Nessas condições, a criação de um mecanismo de regulação de preços poderia atender às necessidades europeias nos próximos anos. Além do mais, a formação de estoques poderia servir - isto é parte da justificação oficial - para atenuar os problemas dos países muito pobres e dependentes da importação de comida. Esse é o caso, principalmente, dos países menos desenvolvidos da África.

Na prática, o Brasil e outros produtores agrícolas pagariam a conta de dois problemas: a crise econômica europeia, criada pelos europeus, e a insegurança alimentar dos países mais pobres, causada em grande parte pela instabilidade política. A ONU já ampliou o socorro a esses países desde que houve um grande aumento de preços, logo antes da crise internacional. A longo prazo, não tem sentido manter essas economias na dependência da ajuda externa e de uma duvidosa política de estabilização de preços.
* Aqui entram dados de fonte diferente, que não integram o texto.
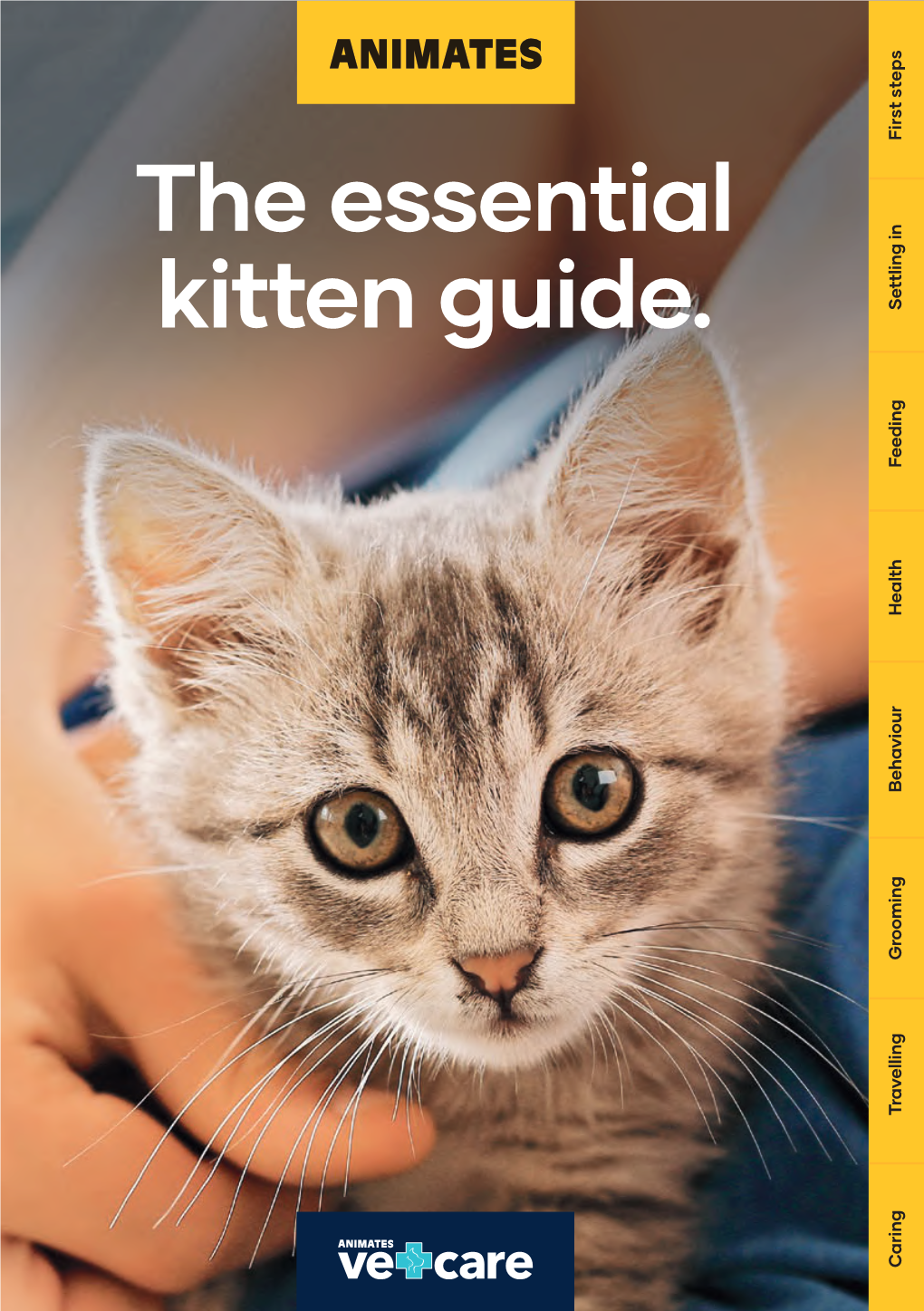 The Essential Kitten Guide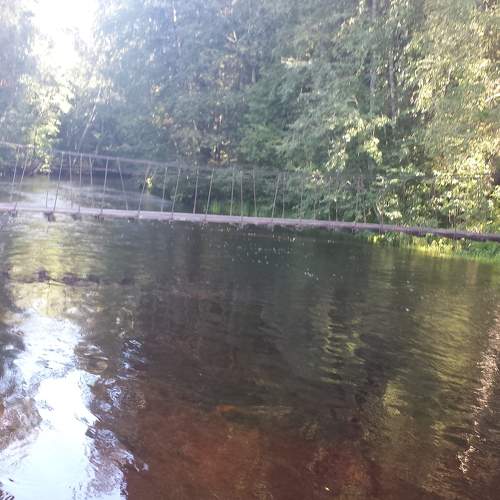 Photo #6814389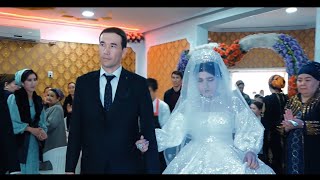 Polat & Farida 2-Toy
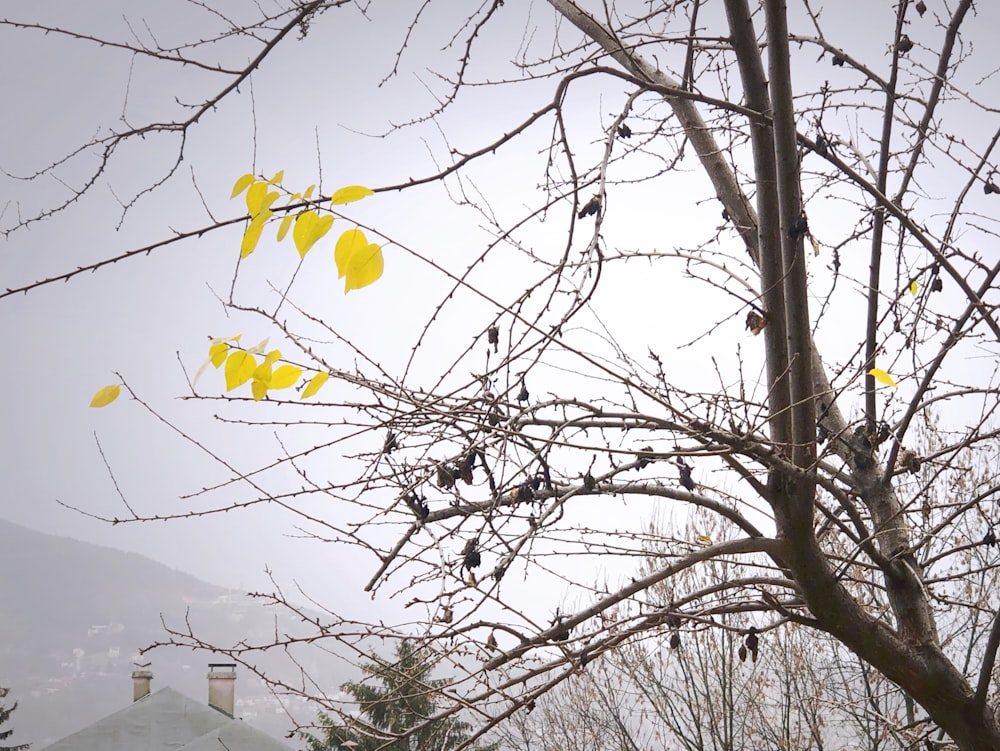 a tree with yellow leaves and a house in the background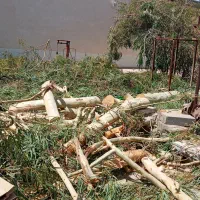 خرید چوب و هرس کردن درختهای مزاحم|خدمات باغبانی و درختکاری|رفسنجان, |دیوار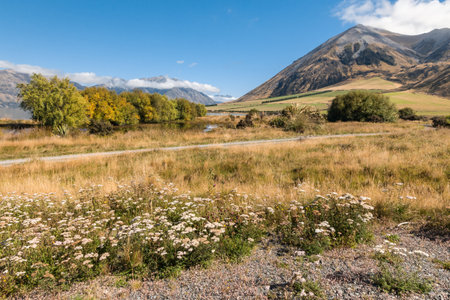 willow trees growing near lake Coleridge in Canterbury region, South Island, New Zealandの写真素材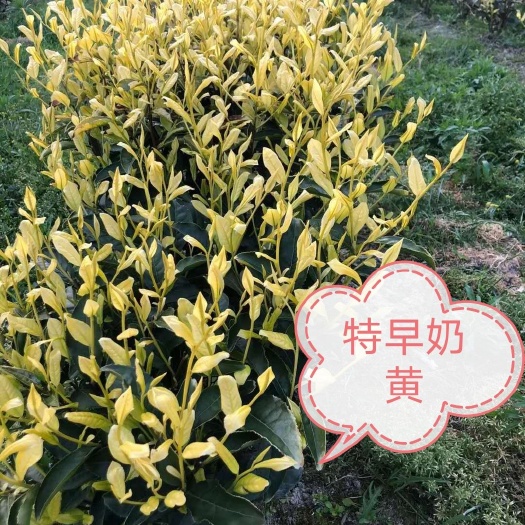 奶白茶树苗  特早奶白，水晶白，龙井黄，特早奶黄，极白等各种新品种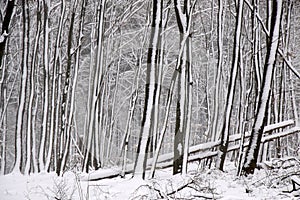 Snow covered wintry forest photo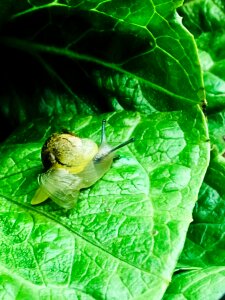 Snail on a leaf photo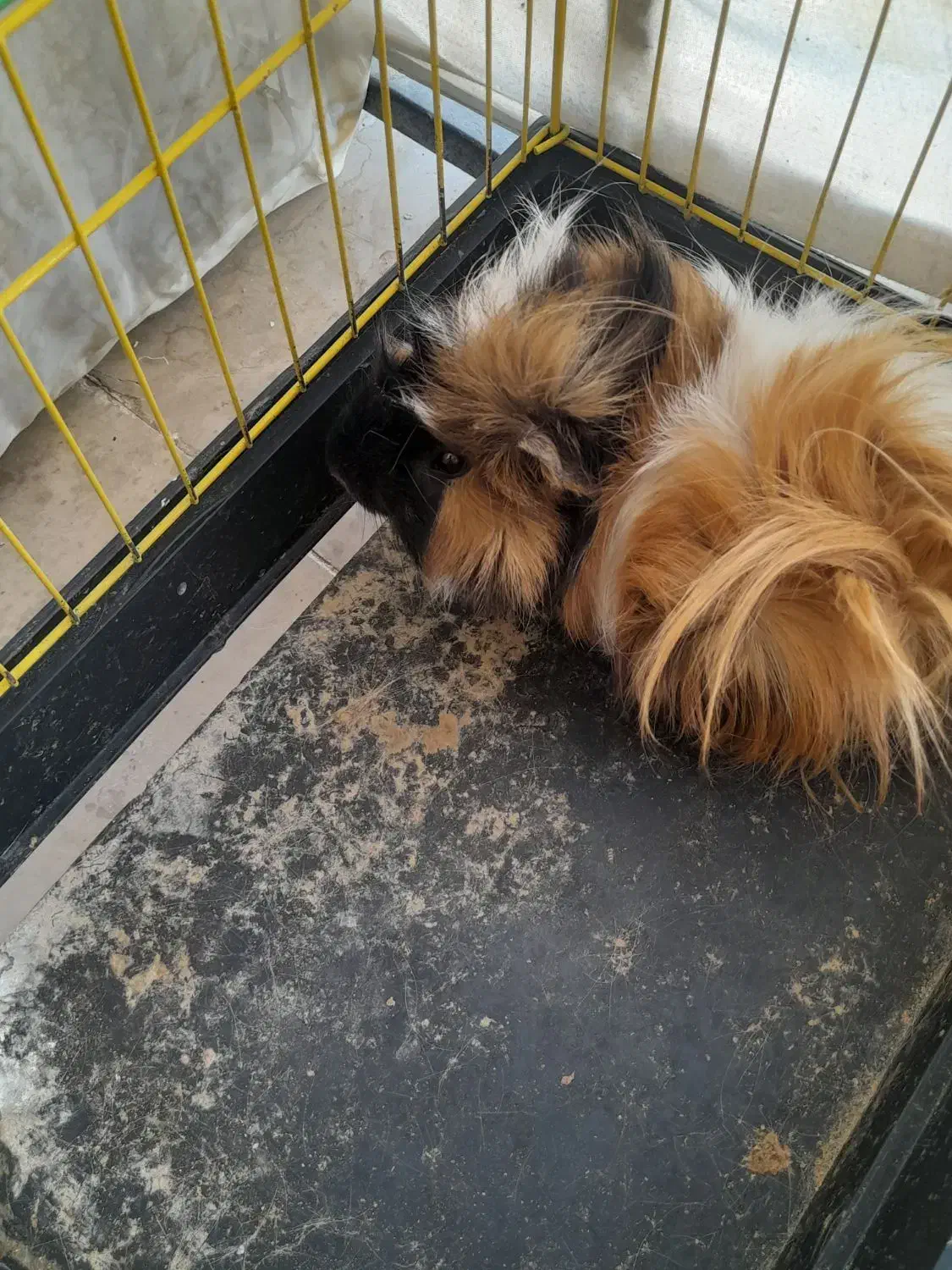 خوکچه هندی موبلند|موش و خرگوش|تهران, هفت چنار|دیوار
Políticas desse tipo tendem a prejudicar e a desestimular a produção e são injustas em relação aos países exportadores. Como observou uma autoridade brasileira, ninguém fala sobre regulação quando as cotações estão baixas. Depois, é preciso reconhecer um dado histórico: as velhas metrópoles são responsáveis por boa parte da instabilidade política e da pobreza dos países africanos. Além disso, as distorções causadas no mercado internacional pela política agrícola europeia dificultaram o desenvolvimento da agricultura na África.

O Brasil tentou ajudar esses países com transferência de tecnologia, mas falta fazer muito mais. Essa é uma tarefa para a comunidade internacional. Os programas do Banco Mundial deram pouco resultado. É preciso continuar tentando.